Ningún padre se decidió, sin embargo, a seguir el ejemplo filial. "La pirámide de edades no se da en esta cooperativa —comentó un sociólogo ajeno a la experiencia de Moreno—. Con ese status, llegará el día en que todos los adultos tendrán 50 años y todos los muchachos entre 15 y 22." La disyuntiva no preocupa a Caveri. "Creemos que en 1984 habrá muchas comunidades como la nuestra —afirma, desechando las fatídicas resonancias de una fecha popularizada por Orwell—. Nuestro ideal son pequeñas células de catorce o quince familias; para abastecernos, recurriríamos al viejo sistema indígena del trueque." Pero Caveri se resiste a recurrir a la propaganda para materializar su sueño. "Nuestro ejemplo cundirá por su propio peso, sin panfletos ni apostolados."
Al unísono, los cooperativistas de Moreno se profesan conformes con el sistema de vida que se han impuesto. Coinciden, también, en que el ideal comunitario siempre se alía a un ideal de belleza. "Las sociedades cristianas primitivas vivían en catacumbas; sus modos de vida y su habitat se compenetraban a la perfección." La gente de Moreno piensa que la arquitectura de Caveri se concilia perfectamente con la voluntad de vivir en común "en un ambiente argentino, en circunstancias argentinas". Pero el especialista Guitler disiente con Caveri en cuestiones de poca monta ("no pondría el baño junto a la puerta", explica socarronamente).

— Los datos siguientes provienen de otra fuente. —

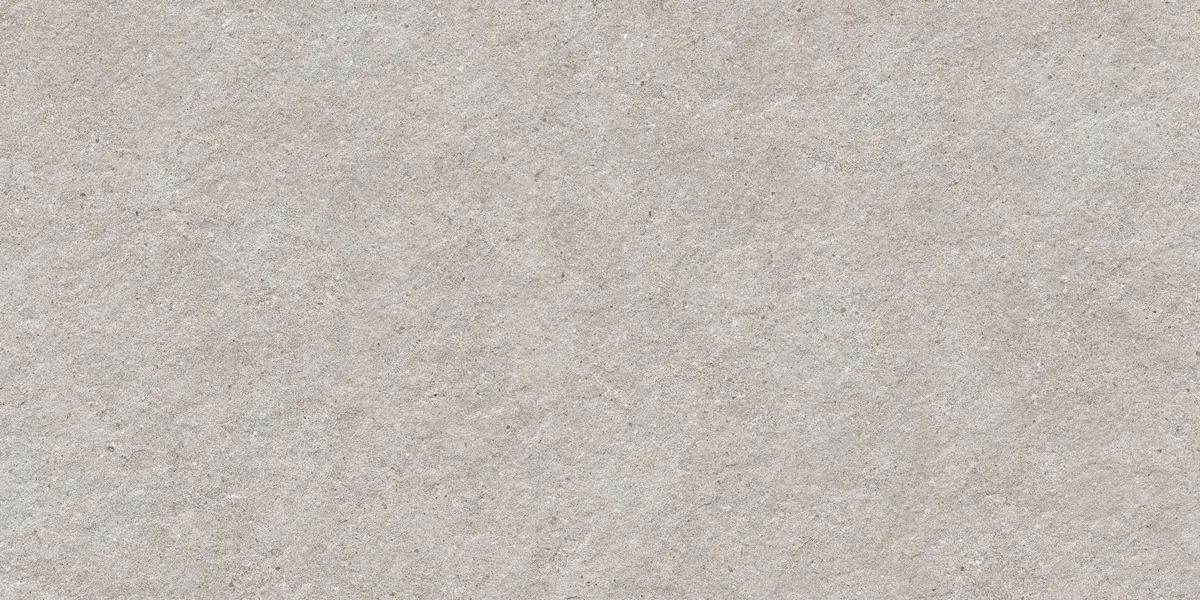 Керамогранит N40042 Basalt Stone Pearl Matt 60x120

"Comencé a realizarme desde que vivo aquí —dice la mujer de Brun—; me había perdido a mí misma en el ajetreo de la ciudad."

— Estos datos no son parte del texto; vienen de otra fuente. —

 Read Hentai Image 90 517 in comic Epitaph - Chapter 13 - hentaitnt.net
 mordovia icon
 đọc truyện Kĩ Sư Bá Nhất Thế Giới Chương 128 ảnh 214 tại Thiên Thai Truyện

Delia Caveri ha terminado ya con la alimentación de sus seis chicos y se une al grupo. El próximo nacerá en julio, y los usuarios del jeep volverán a quedarse sin cine por unos días. "He encontrado esta verdad en los Santos Evangelios —proclama—; estoy dispuesta a seguirla hasta sus últimas consecuencias."
Los Freire, a su vez, asumen resignadamente un prematuro martirologio: "Si un gobierno hostil nos persiguiese, moriríamos contentos por nuestras ideas." "Como el sargento Cabral", sonríe Caveri, mirándolos de soslayo. Luego agrega, reflexivamente: "Concuerdo en que el tipo de experiencia que estamos intentando exige una educación previa. Sería absurdo intentar esto en el Congo o en el Yemen. Pero el éxito irá llegando, sin forzarlo."
Admite, con todo, que si alguien le demostrara la inoperancia social de su experimento, lo abandonaría: "Renunciaría a mi felicidad personal, porque estoy abierto a todas las evidencias, aun cuando destruyan mis propias convicciones." Los días corren plácidos y despaciosos en el retirado oasis de Moreno, sin el temblor que asolaba a los cristianos del siglo II, sumergidos en sus catacumbas. Porque mientras éstos enfrentaban al mundo, no se sabe hasta qué punto la comunidad argentina está huyendo de él.